Scraped caption text data
■ ■ ■ ■

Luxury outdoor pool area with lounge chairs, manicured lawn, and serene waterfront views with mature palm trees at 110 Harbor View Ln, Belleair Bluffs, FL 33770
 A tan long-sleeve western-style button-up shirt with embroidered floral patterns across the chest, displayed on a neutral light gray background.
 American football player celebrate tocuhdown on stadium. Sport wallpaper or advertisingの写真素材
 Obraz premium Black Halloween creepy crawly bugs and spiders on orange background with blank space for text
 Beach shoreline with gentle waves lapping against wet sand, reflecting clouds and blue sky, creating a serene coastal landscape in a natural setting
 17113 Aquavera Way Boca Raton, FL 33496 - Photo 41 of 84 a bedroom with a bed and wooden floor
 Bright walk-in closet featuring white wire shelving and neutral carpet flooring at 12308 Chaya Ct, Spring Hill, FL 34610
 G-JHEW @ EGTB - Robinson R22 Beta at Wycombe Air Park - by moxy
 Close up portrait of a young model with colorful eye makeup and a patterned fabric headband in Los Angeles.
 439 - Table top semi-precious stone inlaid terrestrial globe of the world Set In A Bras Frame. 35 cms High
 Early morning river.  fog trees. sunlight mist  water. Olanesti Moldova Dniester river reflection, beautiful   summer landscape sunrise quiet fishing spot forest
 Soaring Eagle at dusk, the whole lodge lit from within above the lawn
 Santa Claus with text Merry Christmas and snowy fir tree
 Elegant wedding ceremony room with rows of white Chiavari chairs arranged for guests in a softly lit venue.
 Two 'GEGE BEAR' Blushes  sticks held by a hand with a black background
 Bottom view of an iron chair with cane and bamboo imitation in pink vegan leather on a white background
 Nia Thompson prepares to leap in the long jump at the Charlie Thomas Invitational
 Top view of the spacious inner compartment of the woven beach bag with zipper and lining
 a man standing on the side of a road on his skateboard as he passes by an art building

■ ■ ■ ■

## WHAT THE TASK ASKS
Using the entries above, quote each line verbatim from the first through the line that contains "Beach shoreline with".

## EXERCISE OUTPUT
Luxury outdoor pool area with lounge chairs, manicured lawn, and serene waterfront views with mature palm trees at 110 Harbor View Ln, Belleair Bluffs, FL 33770
 A tan long-sleeve western-style button-up shirt with embroidered floral patterns across the chest, displayed on a neutral light gray background.
 American football player celebrate tocuhdown on stadium. Sport wallpaper or advertisingの写真素材
 Obraz premium Black Halloween creepy crawly bugs and spiders on orange background with blank space for text
 Beach shoreline with gentle waves lapping against wet sand, reflecting clouds and blue sky, creating a serene coastal landscape in a natural setting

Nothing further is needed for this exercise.